** Opening Dataset entries block **

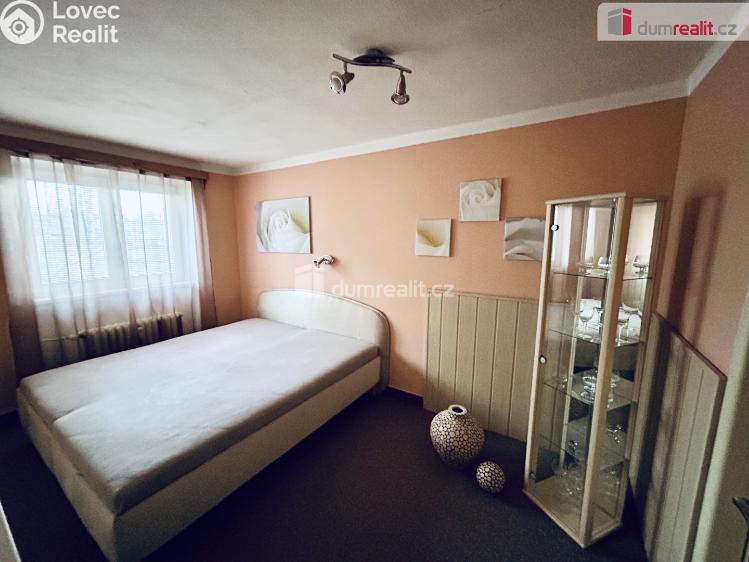 Pronájem bytu 3+KK Zruč nad Sázavou, Na Výsluní č. 5
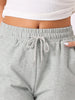 Womens Soft Pajama Bottom Stretch Drawstring with Pockets Sleepwear Lounge Shorts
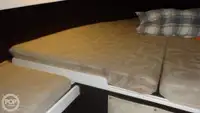 Nardymo palaikymo laivas parduodamas
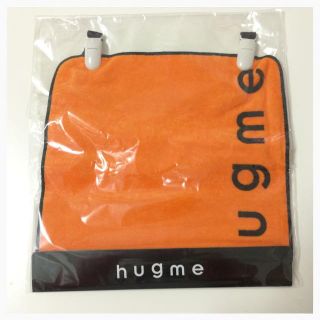 hugme☆クリップ☆新品(その他)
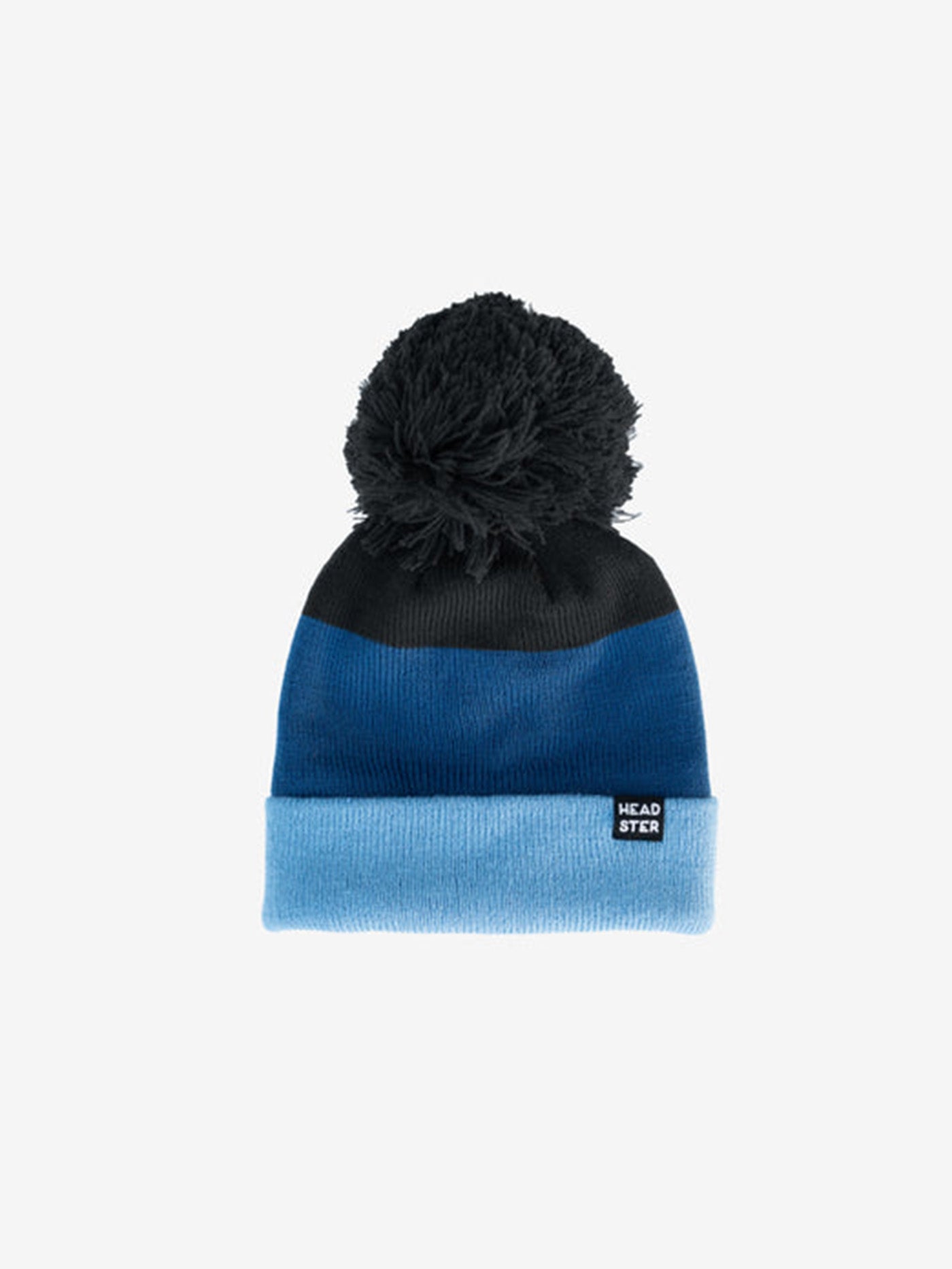 Headster Tricolor Beanie (Infants) Winter 2024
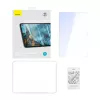 Displayschutzfolie aus gehärtetem Glas Baseus für Huawei MatePad Pro 12,6 Zoll 0,3 mm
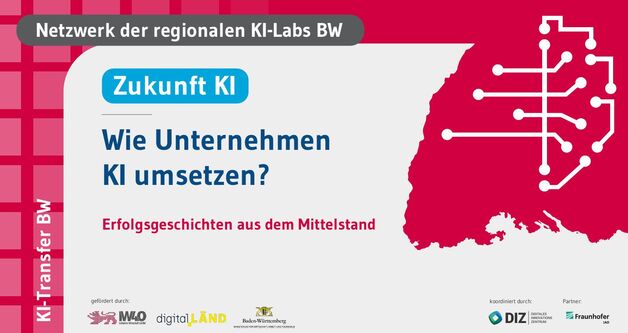 Vorschaubild KI-Labs Erfolgsgeschichten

** Closing Dataset entries block **

Exercise prompt:
From the line containing "Nardymo palaikymo laivas parduodamas" through the last line of the entries, copy each line exactly and only those, skipping all pictures.

Solved problem:
 Nardymo palaikymo laivas parduodamas
 hugme☆クリップ☆新品(その他)
 Headster Tricolor Beanie (Infants) Winter 2024
 Displayschutzfolie aus gehärtetem Glas Baseus für Huawei MatePad Pro 12,6 Zoll 0,3 mm
 Vorschaubild KI-Labs Erfolgsgeschichten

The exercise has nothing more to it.